Highlights:
- Venture capital investments into crypto companies are projected to reach $12 billion in 2024 according to PitchBook. This is only a 27% increase from the $9.4 billion raised last year despite Bitcoin’s new ATH.
- Aquarius, a New York-based cryptocurrency venture capital firm, has launched a multi-strategy liquidity fund with $600 million in AUM. The initiative is backed by Bitrise Capital, mining companies, family offices and influencers. The fund is designed to offer both short-term and long-term liquidity management solutions tailored to various risk scenarios.
- Securitize completed a $47 million funding round led by BlackRock, together with Hamilton Lane, ParaFi Capital and Tradeweb. The capital is aimed at the expansion of the Securitize business, targeting new tokenization markets.
Analysis
April concluded with the highest funding amount in six months. It also marked the second consecutive month in which investment figures exceeded the $1 billion mark. However, May reversed this trend, and the total investment volume remained modest. As of May 27th, the monthly total funding amounted to $650 million across 98 rounds.
Infrastructure remained the most popular category during this period, attracting around $185 million. This was followed by SocialFi, with $176 million in investments. DeFi and CeFi, in turn, raised $127 million and $106 million, respectively. The unusually high number for SocialFi is due to a single deal, namely the $150 million Series A deal of Farcaster.
Despite the positive investment figures in Q1 2024 and the strong performance in April, several issues persist in the crypto VC landscape. After suffering losses through the crypto bankruptcy wave of 2022, major limited partners (LPs) have taken a cautious stance toward crypto VC investments. The Ontario Teachers’ Pension Plan wrote down its $95 million investment in the fraudulent crypto exchange FTX to zero in late 2022 and decided to steer clear of future crypto bets. Similarly, CDPQ, Canada’s second-largest pension fund, suffered a $150 million loss from its investment in the now-defunct cryptocurrency lending platform Celsius Network. LPs are now much more hesitant to allocate large amounts of capital to crypto VCs.
In response, crypto VC firms are increasing their focus on sound financials and business plans. This includes a focus on the Distributed to Paid-In Capital metric (DPI) of their funds rather than their nominal market value.
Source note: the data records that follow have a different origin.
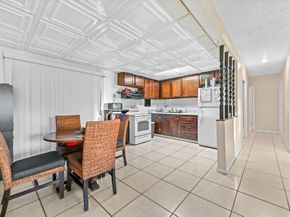 1406 S G Street, Lake Worth Beach FL 33460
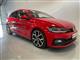 Billede af VW Polo 2,0 TSI GTI DSG 200HK 5d 6g Aut.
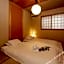 Stay Sakura Kyoto Nijo Castle West I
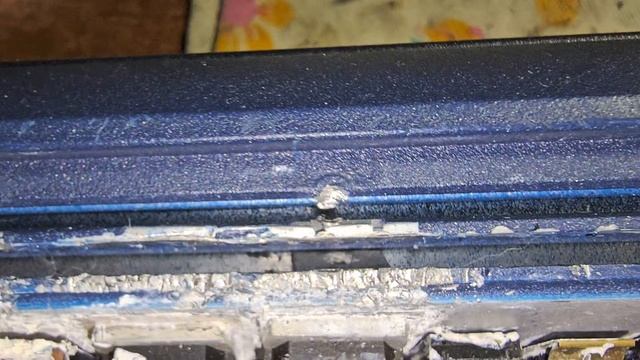 Ремонт-ревизия-доработка-твик Audison Vrx 4 300.2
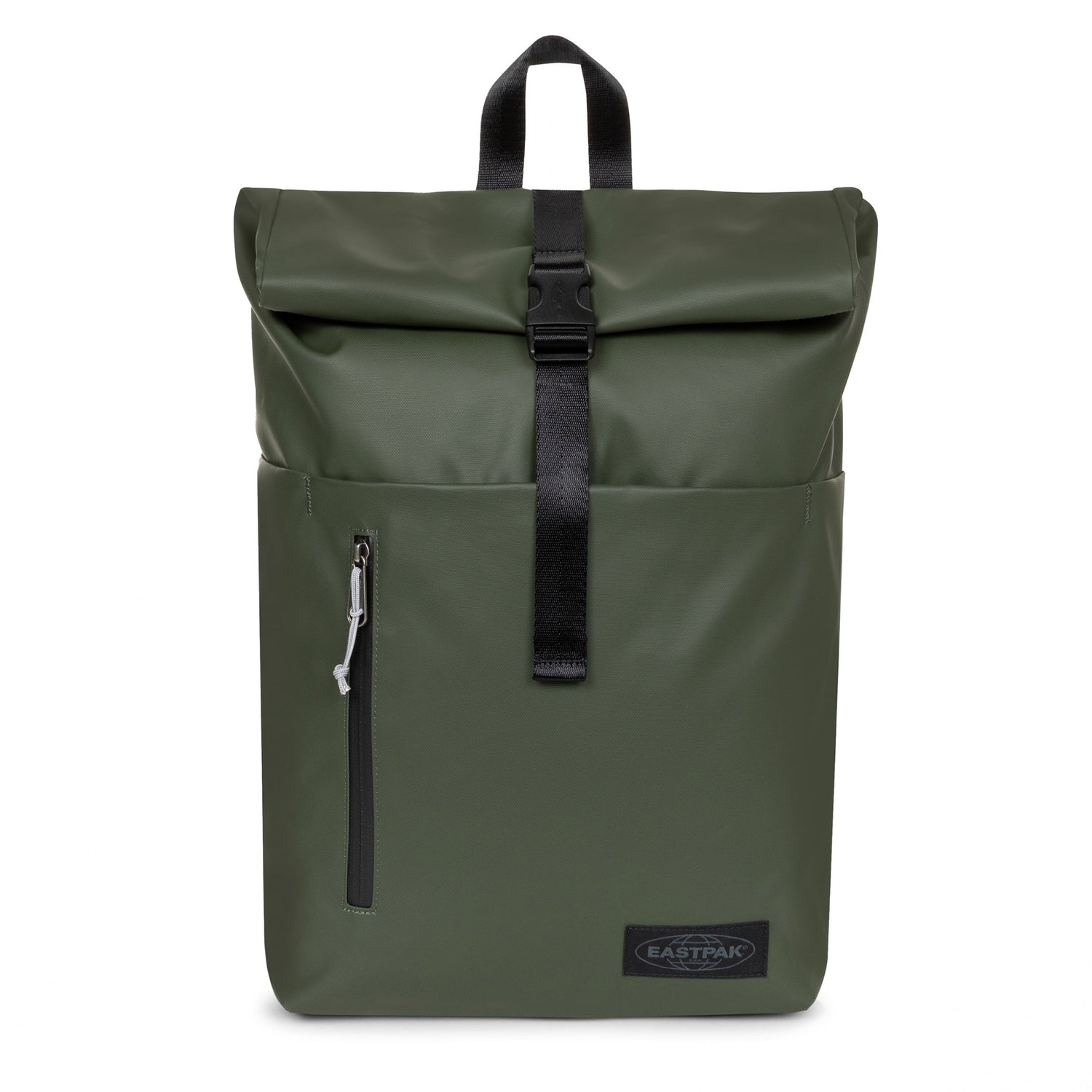 UP ROLL - ZAINO EK0A5BGF 0Z01 EASTPAK 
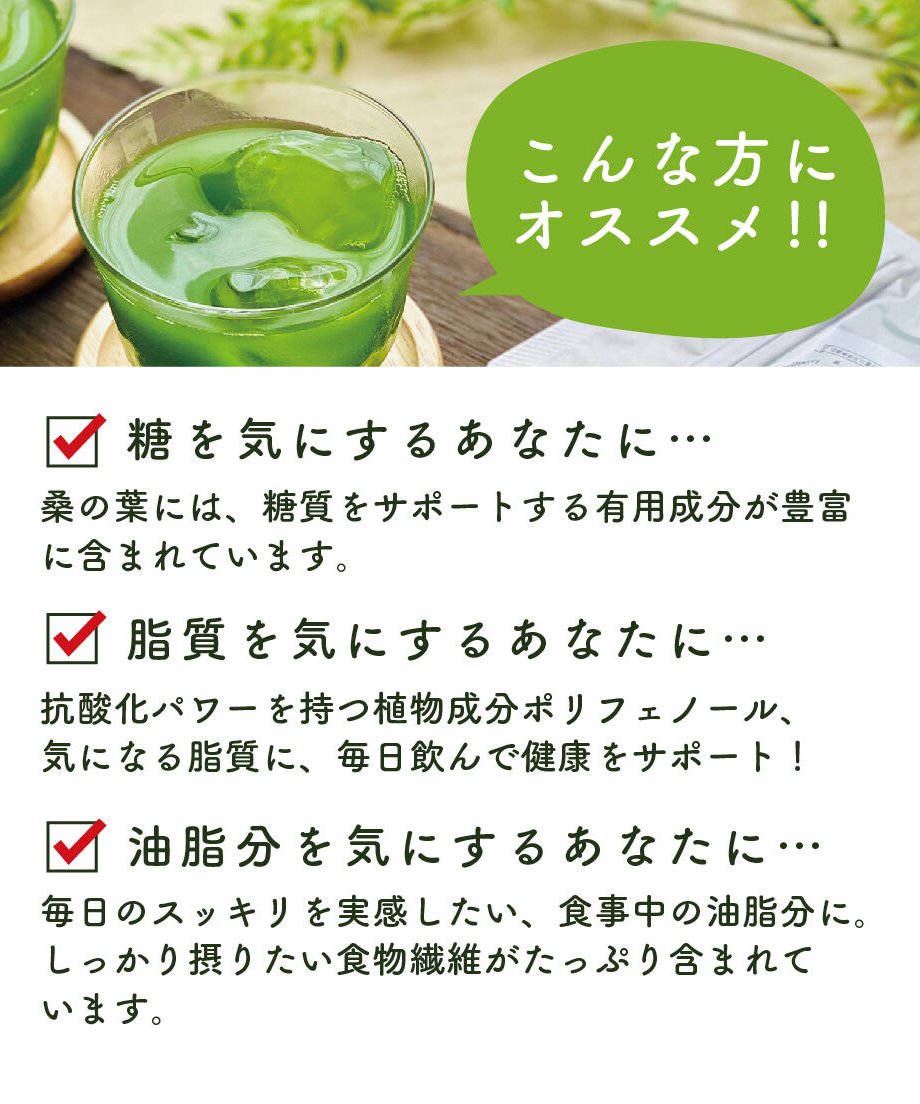 6474b89d80278e002eb5ab82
DPI represents the amount of cash distributions that LPs receive in relation to their initial investments. In contrast to traditional venture capital firms, whose equity positions in startups are sometimes difficult to exit, crypto VCs tend to hold more liquid investments, such as tokens. Hence, in order to attract the LPs’ trust and capital, some crypto VC firms, such as Polychain, initiated the distribution of returns to investors as cash payouts. Polychain sold half the assets of its first VC fund earlier this year and 44% of its Venture II fund in May to distribute proceeds to investors. This strategy can help to attract more conservative, less crypto-native investors, such as university endowments.
Regulatory developments further complicate conditions for high-risk VC investments. In particular, DeFi projects, which have historically made up a sizable portion of VC allocations, are facing uncertainty in one of their largest markets due to MiCa. Between May 2023 - May 2024, around 20% of DeFi VC deals involved European companies with over $260 million invested. According to the European Securities and Markets Authority (ESMA), approximately 20-25% of DeFi projects also have significant operations or user bases within the EU. MiCa regulation was recently augmented by a law that could force licensing and KYC requirements on these businesses. Such requirements would significantly suppress DeFi activity, making the sector a more risky investment proposition. The most notable investors in the EU-based companies YoY are Fabric Ventures and DWF Labs, with 4 investments each, followed by Binance Labs, Psalion VC and Framework Ventures, with 3 investments. The current regulatory provision may affect their portfolio companies’ operating costs and profitability and could result in negative changes to their balance sheets.